EXERCISE OBJECTIVE -> Line by line, transcribe the records exactly.

PROVIDED INFORMATION ->
++++++

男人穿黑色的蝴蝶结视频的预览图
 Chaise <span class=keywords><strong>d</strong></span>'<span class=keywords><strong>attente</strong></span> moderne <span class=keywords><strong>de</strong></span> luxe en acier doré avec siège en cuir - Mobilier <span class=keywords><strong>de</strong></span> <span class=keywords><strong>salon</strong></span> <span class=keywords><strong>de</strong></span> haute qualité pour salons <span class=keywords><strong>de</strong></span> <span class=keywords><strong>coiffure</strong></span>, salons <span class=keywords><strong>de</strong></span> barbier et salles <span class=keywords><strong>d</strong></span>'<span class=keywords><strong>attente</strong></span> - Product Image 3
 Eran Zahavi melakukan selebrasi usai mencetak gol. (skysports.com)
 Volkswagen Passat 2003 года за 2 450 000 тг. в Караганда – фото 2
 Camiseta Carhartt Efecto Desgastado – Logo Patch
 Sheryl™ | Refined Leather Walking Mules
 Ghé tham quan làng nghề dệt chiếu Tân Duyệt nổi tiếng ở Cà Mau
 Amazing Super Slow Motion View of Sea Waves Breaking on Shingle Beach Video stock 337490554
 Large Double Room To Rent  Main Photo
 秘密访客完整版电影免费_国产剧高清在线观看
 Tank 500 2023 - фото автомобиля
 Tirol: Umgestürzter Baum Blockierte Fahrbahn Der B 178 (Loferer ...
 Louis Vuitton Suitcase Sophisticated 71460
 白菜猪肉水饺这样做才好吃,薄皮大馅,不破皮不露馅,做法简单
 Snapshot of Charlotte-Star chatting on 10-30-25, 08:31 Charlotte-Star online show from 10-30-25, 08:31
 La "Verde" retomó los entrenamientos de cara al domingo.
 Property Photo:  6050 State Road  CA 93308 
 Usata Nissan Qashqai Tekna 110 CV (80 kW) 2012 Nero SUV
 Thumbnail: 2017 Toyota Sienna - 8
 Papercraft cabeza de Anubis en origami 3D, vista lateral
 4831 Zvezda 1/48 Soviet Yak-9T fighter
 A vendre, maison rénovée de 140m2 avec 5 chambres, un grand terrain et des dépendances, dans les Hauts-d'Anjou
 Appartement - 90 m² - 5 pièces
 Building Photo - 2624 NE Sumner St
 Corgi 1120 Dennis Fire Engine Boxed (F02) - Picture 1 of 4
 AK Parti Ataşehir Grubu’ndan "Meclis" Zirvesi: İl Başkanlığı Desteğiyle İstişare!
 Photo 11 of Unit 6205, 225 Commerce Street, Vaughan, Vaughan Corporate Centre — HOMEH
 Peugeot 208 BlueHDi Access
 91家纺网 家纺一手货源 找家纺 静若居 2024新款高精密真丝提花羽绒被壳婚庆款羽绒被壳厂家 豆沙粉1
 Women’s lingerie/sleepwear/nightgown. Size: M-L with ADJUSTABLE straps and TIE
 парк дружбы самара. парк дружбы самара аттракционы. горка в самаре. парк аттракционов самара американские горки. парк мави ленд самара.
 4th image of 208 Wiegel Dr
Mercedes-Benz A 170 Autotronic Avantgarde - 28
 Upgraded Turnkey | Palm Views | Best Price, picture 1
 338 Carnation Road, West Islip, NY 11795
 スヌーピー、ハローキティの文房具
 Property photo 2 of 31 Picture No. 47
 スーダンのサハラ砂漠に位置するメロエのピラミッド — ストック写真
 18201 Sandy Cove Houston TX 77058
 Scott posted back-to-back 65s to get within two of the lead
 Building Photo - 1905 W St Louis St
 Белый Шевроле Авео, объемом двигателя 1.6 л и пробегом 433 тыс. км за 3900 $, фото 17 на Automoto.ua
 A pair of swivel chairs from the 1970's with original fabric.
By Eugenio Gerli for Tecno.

++++++

RESPONSE AREA ->
男人穿黑色的蝴蝶结视频的预览图
 Chaise <span class=keywords><strong>d</strong></span>'<span class=keywords><strong>attente</strong></span> moderne <span class=keywords><strong>de</strong></span> luxe en acier doré avec siège en cuir - Mobilier <span class=keywords><strong>de</strong></span> <span class=keywords><strong>salon</strong></span> <span class=keywords><strong>de</strong></span> haute qualité pour salons <span class=keywords><strong>de</strong></span> <span class=keywords><strong>coiffure</strong></span>, salons <span class=keywords><strong>de</strong></span> barbier et salles <span class=keywords><strong>d</strong></span>'<span class=keywords><strong>attente</strong></span> - Product Image 3
 Eran Zahavi melakukan selebrasi usai mencetak gol. (skysports.com)
 Volkswagen Passat 2003 года за 2 450 000 тг. в Караганда – фото 2
 Camiseta Carhartt Efecto Desgastado – Logo Patch
 Sheryl™ | Refined Leather Walking Mules
 Ghé tham quan làng nghề dệt chiếu Tân Duyệt nổi tiếng ở Cà Mau
 Amazing Super Slow Motion View of Sea Waves Breaking on Shingle Beach Video stock 337490554
 Large Double Room To Rent  Main Photo
 秘密访客完整版电影免费_国产剧高清在线观看
 Tank 500 2023 - фото автомобиля
 Tirol: Umgestürzter Baum Blockierte Fahrbahn Der B 178 (Loferer ...
 Louis Vuitton Suitcase Sophisticated 71460
 白菜猪肉水饺这样做才好吃,薄皮大馅,不破皮不露馅,做法简单
 Snapshot of Charlotte-Star chatting on 10-30-25, 08:31 Charlotte-Star online show from 10-30-25, 08:31
 La "Verde" retomó los entrenamientos de cara al domingo.
 Property Photo:  6050 State Road  CA 93308 
 Usata Nissan Qashqai Tekna 110 CV (80 kW) 2012 Nero SUV
 Thumbnail: 2017 Toyota Sienna - 8
 Papercraft cabeza de Anubis en origami 3D, vista lateral
 4831 Zvezda 1/48 Soviet Yak-9T fighter
 A vendre, maison rénovée de 140m2 avec 5 chambres, un grand terrain et des dépendances, dans les Hauts-d'Anjou
 Appartement - 90 m² - 5 pièces
 Building Photo - 2624 NE Sumner St
 Corgi 1120 Dennis Fire Engine Boxed (F02) - Picture 1 of 4
 AK Parti Ataşehir Grubu’ndan "Meclis" Zirvesi: İl Başkanlığı Desteğiyle İstişare!
 Photo 11 of Unit 6205, 225 Commerce Street, Vaughan, Vaughan Corporate Centre — HOMEH
 Peugeot 208 BlueHDi Access
 91家纺网 家纺一手货源 找家纺 静若居 2024新款高精密真丝提花羽绒被壳婚庆款羽绒被壳厂家 豆沙粉1
 Women’s lingerie/sleepwear/nightgown. Size: M-L with ADJUSTABLE straps and TIE
 парк дружбы самара. парк дружбы самара аттракционы. горка в самаре. парк аттракционов самара американские горки. парк мави ленд самара.
 4th image of 208 Wiegel Dr
Mercedes-Benz A 170 Autotronic Avantgarde - 28
 Upgraded Turnkey | Palm Views | Best Price, picture 1
 338 Carnation Road, West Islip, NY 11795
 スヌーピー、ハローキティの文房具
 Property photo 2 of 31 Picture No. 47
 スーダンのサハラ砂漠に位置するメロエのピラミッド — ストック写真
 18201 Sandy Cove Houston TX 77058
 Scott posted back-to-back 65s to get within two of the lead
 Building Photo - 1905 W St Louis St
 Белый Шевроле Авео, объемом двигателя 1.6 л и пробегом 433 тыс. км за 3900 $, фото 17 на Automoto.ua
 A pair of swivel chairs from the 1970's with original fabric.
By Eugenio Gerli for Tecno.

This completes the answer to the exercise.